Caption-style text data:
== Segment start ==
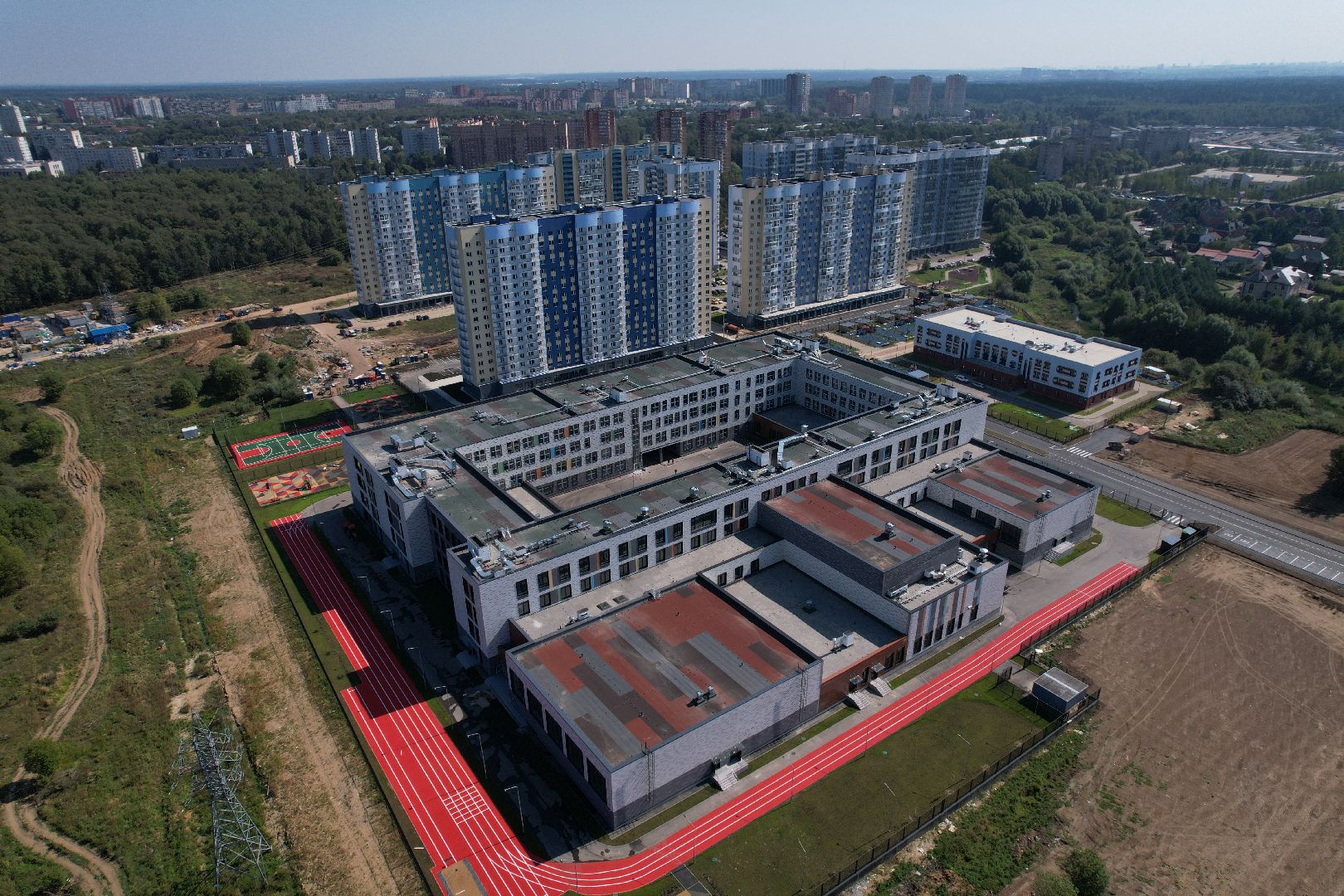 видео с коптера, лобня, лицей, строительство, школа, образование,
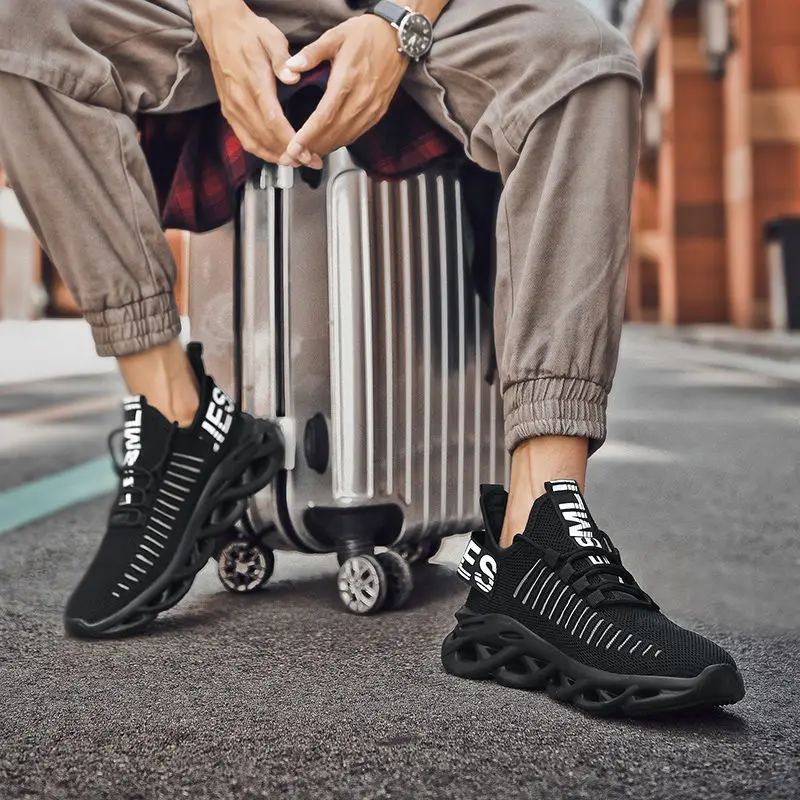 JIEMIAO Men Sneakers Mesh Breathable Running Shoes Outdoor Sport Fashion Comfortable Casual Gym Mens Shoes Zapatos De Hombre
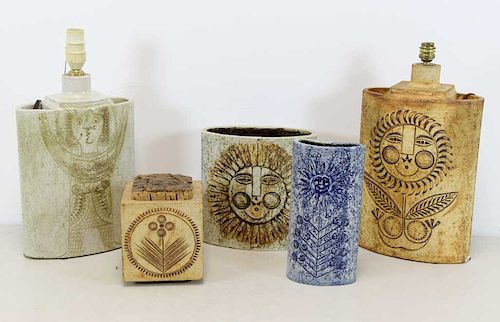 CAPRON, Roger. 5 Pieces of Ceramics.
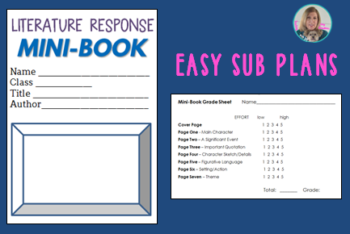 Substitute Plans for ELA - Mini-Book for Any Literature TeachingELAwithJoy.com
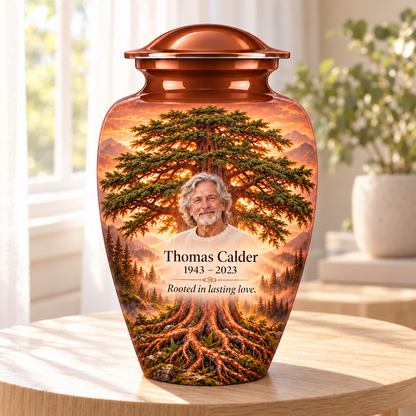 Copper Cedar Tree of Life adult urn with sample photo and text displayed in a sunlit home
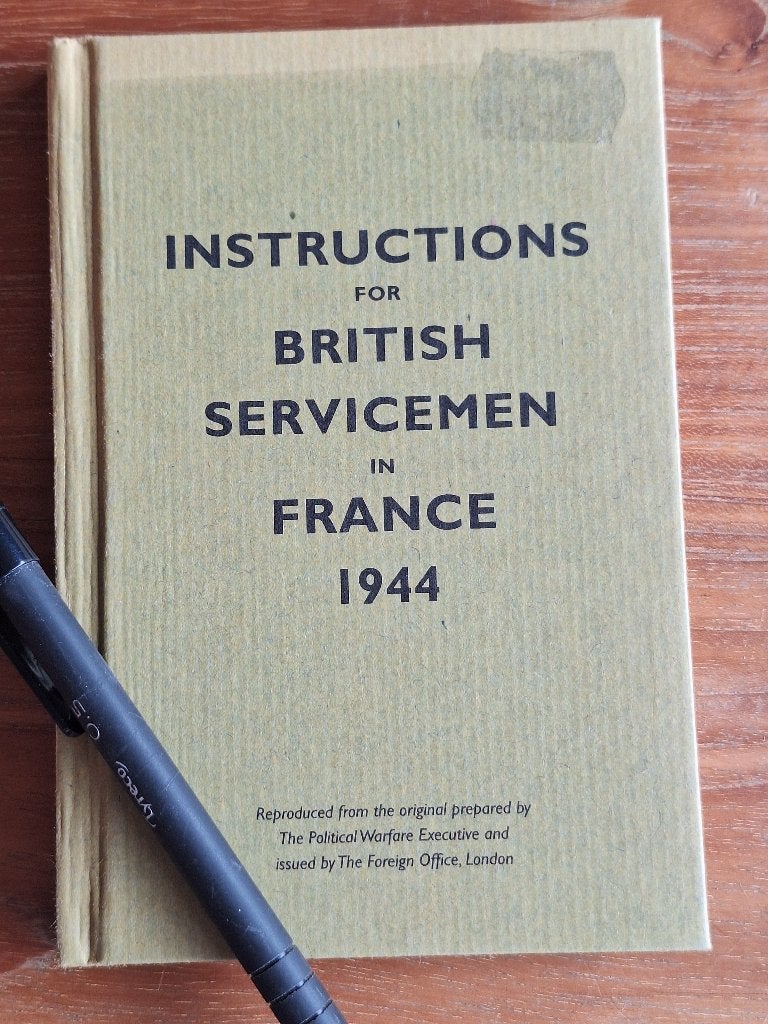 Instructions for British servicemen in France 1944, Ophalen of Verzenden, Tweede Wereldoorlog, Gelezen, Overige onderwerpen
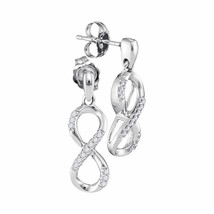 10k White Gold Diamond Infinity Love Anniversary Dangle Earrings 1/10 - £239.90 GBP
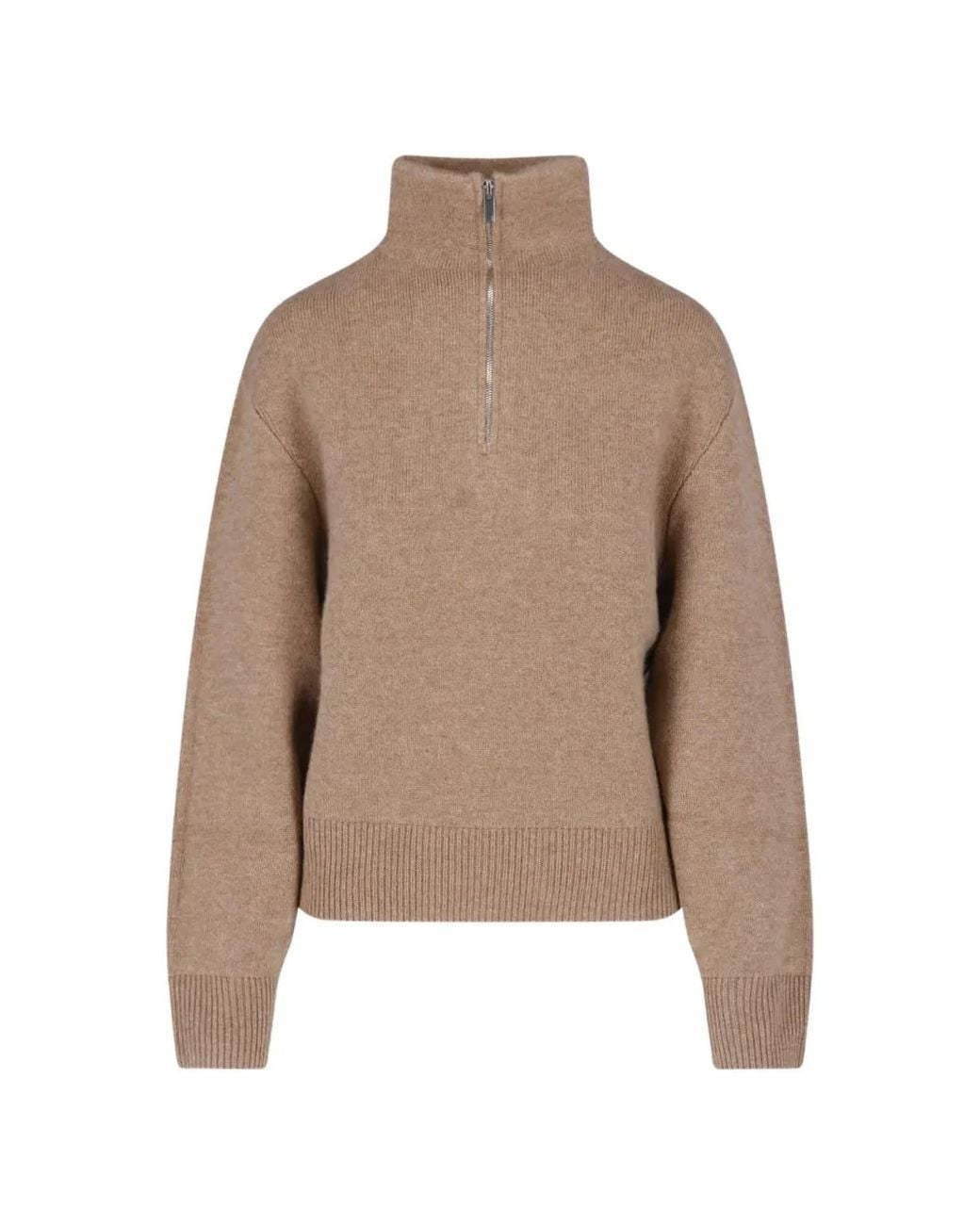 Almada Label Natural Quarter-Zip Knitted Sweater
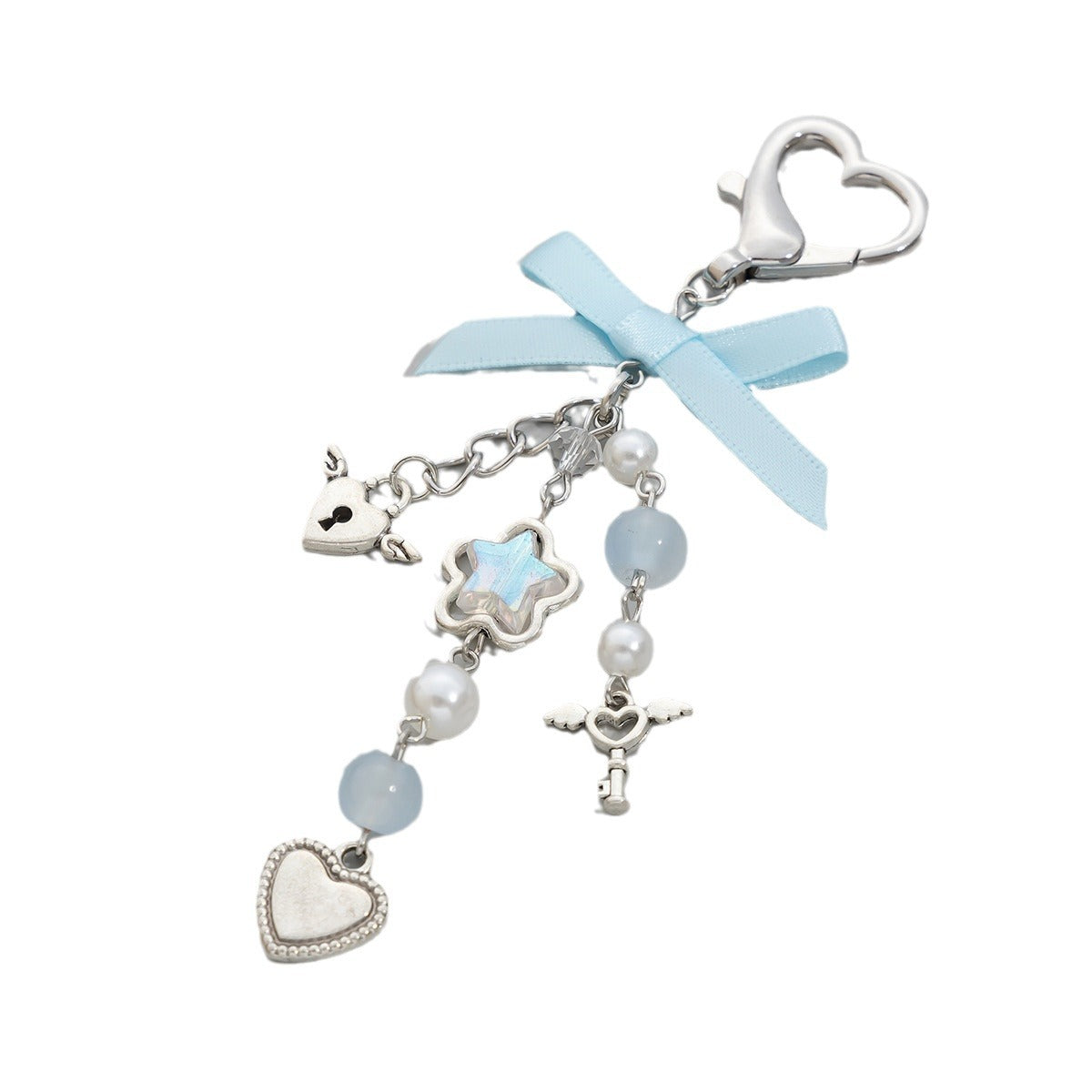 Little Fresh Love Bow Ribbon Keychain Sweet Wind Imitation Pearl Alloy Pendant - V.I.P Digital Presence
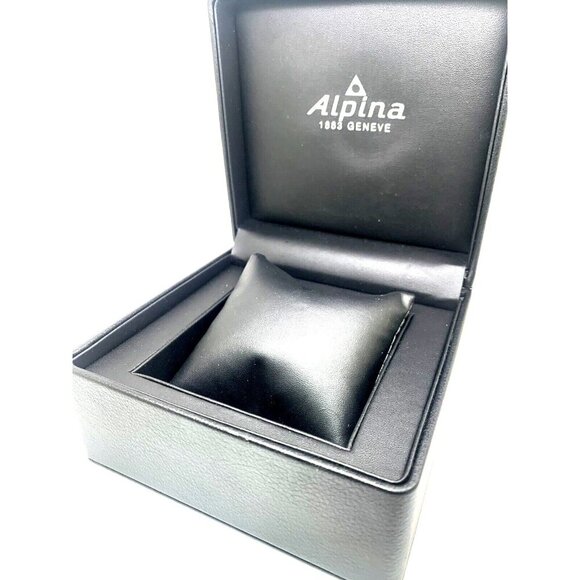 Alpina Watch Box Presentation Black Cardboard Case Display Empty With Booklet - Picture 5 of 11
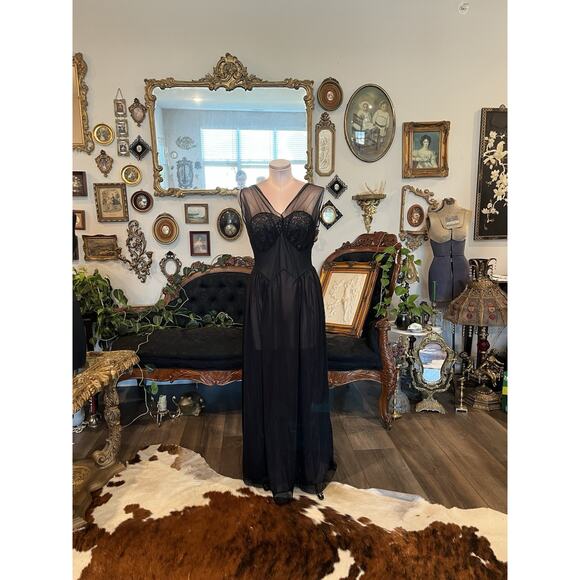 Vintage Vanity Fair Black Sheer Nylon & Lace Long Nightgown Lingerie Size 34 - Picture 1 of 6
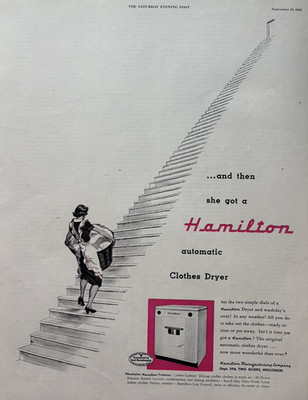 1952 Hamilton Clothes Dryer Automatic Two Rivers Wi Washday Stairs VTG Print Ad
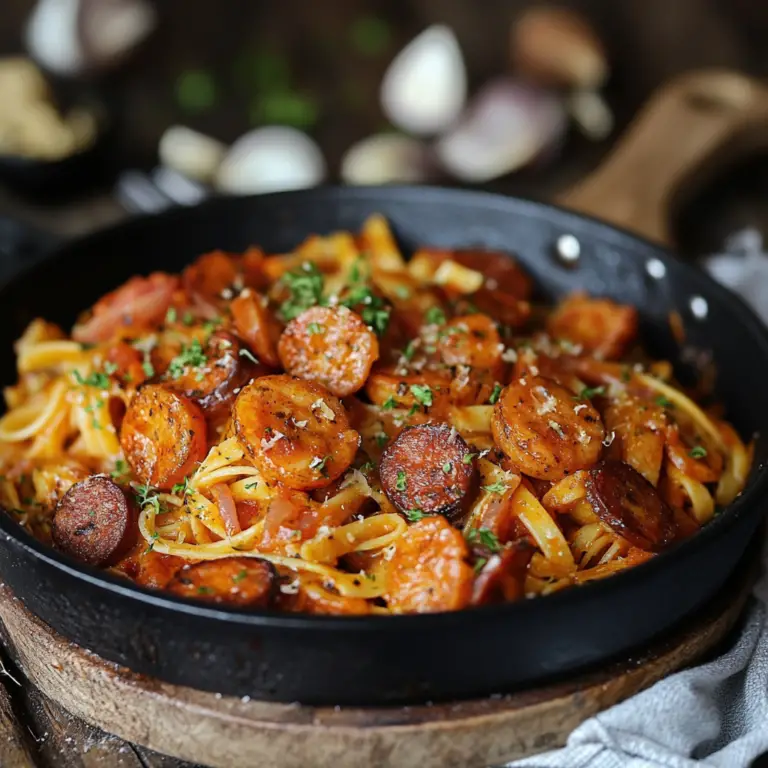 Spaghetti à la Crème de Poivron, Chorizo & Crevettes : L’Alliance Terre et Mer en Sauce Crémeuse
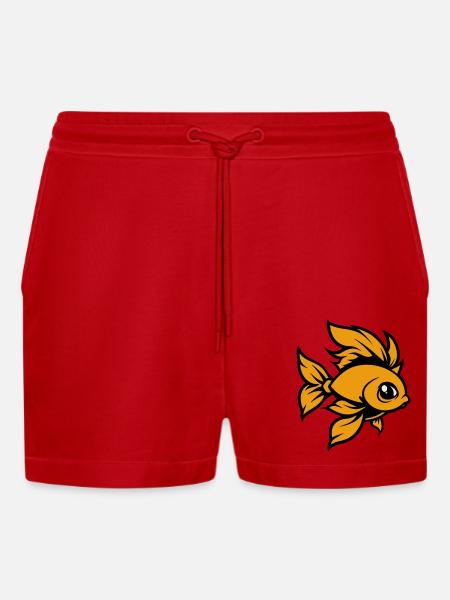 Goldfish Fish Comic - Organic Relaxed Cropped Shorts Made in EU - red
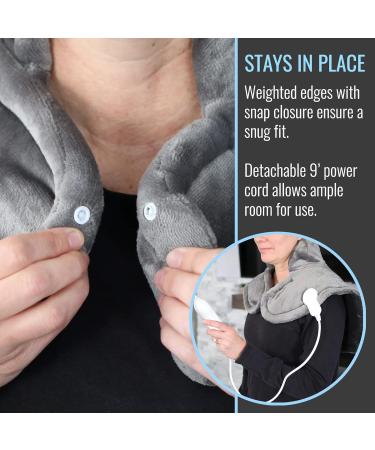 DMI Large Plush Microfleece Neck & Shoulder Heater | Contoured Heat Therapy for Muscle Relief | 4 Heating Levels & Auto Shutdown | FSA/HSA Eligible - Buy Online on GoSupps.com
== Segment end ==
WHAT THIS TASK INVOLVES — The lines to restate word for word run from the line that contains "JIEMIAO Men Sneakers" through the end of the entries above, both ends included. Leave out all pictures and write nothing else.

REPLY TO THE TASK —
 JIEMIAO Men Sneakers Mesh Breathable Running Shoes Outdoor Sport Fashion Comfortable Casual Gym Mens Shoes Zapatos De Hombre
 CAPRON, Roger. 5 Pieces of Ceramics.
 Substitute Plans for ELA - Mini-Book for Any Literature TeachingELAwithJoy.com
 Copper Cedar Tree of Life adult urn with sample photo and text displayed in a sunlit home
 Instructions for British servicemen in France 1944, Ophalen of Verzenden, Tweede Wereldoorlog, Gelezen, Overige onderwerpen
 10k White Gold Diamond Infinity Love Anniversary Dangle Earrings 1/10 - £239.90 GBP
 Almada Label Natural Quarter-Zip Knitted Sweater
 Little Fresh Love Bow Ribbon Keychain Sweet Wind Imitation Pearl Alloy Pendant - V.I.P Digital Presence
 Alpina Watch Box Presentation Black Cardboard Case Display Empty With Booklet - Picture 5 of 11
 Vintage Vanity Fair Black Sheer Nylon & Lace Long Nightgown Lingerie Size 34 - Picture 1 of 6
 1952 Hamilton Clothes Dryer Automatic Two Rivers Wi Washday Stairs VTG Print Ad
 Spaghetti à la Crème de Poivron, Chorizo & Crevettes : L’Alliance Terre et Mer en Sauce Crémeuse
 Goldfish Fish Comic - Organic Relaxed Cropped Shorts Made in EU - red
 DMI Large Plush Microfleece Neck & Shoulder Heater | Contoured Heat Therapy for Muscle Relief | 4 Heating Levels & Auto Shutdown | FSA/HSA Eligible - Buy Online on GoSupps.com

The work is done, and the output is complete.